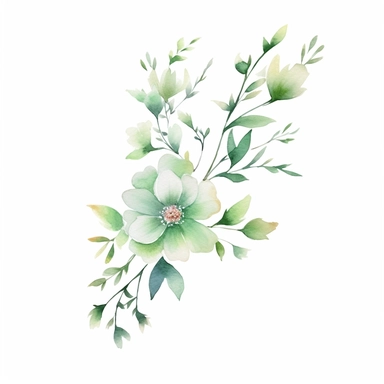 watercolor pastel green floral line for decoration, png, clipart, hd, contour white outline, isolated on white background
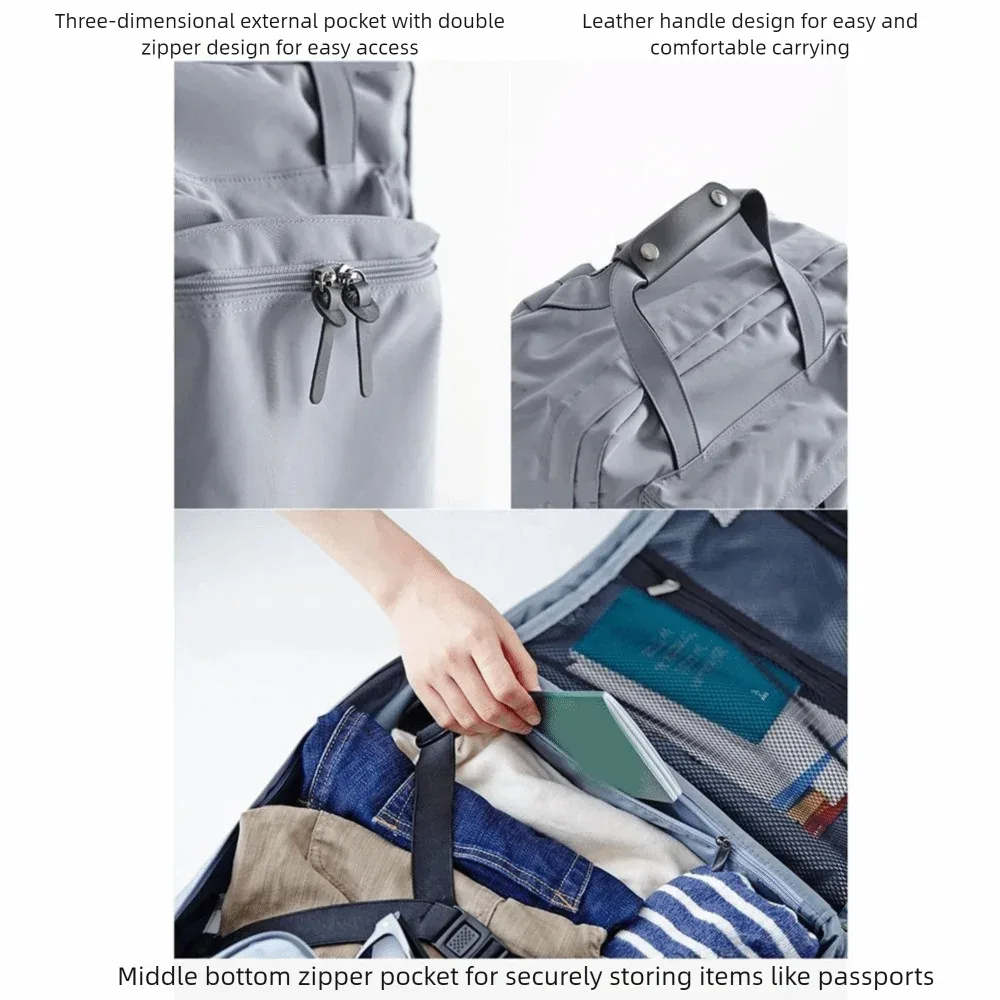 Sac à dos polyvalent en nylon pour ordinateur portable, couleur unie, grande capacité, sac à bandoulière pour homme, sac de voyage imperméable.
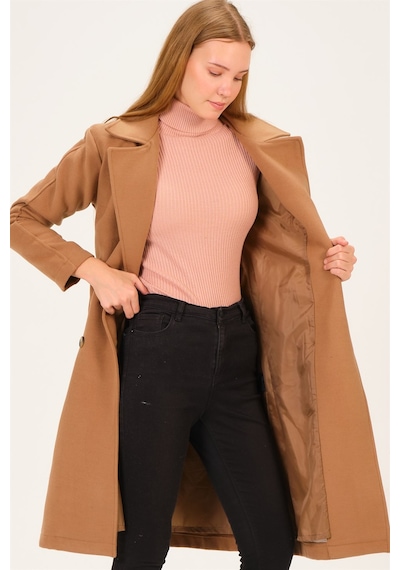 Dewberry Bayan Palto Z6765 Camel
# # #
* [Exercise aim]: Return each line above word for word. Skip the pictures.

* [Solution for this problem]:
 watercolor pastel green floral line for decoration, png, clipart, hd, contour white outline, isolated on white background
 Sac à dos polyvalent en nylon pour ordinateur portable, couleur unie, grande capacité, sac à bandoulière pour homme, sac de voyage imperméable.
 Dewberry Bayan Palto Z6765 Camel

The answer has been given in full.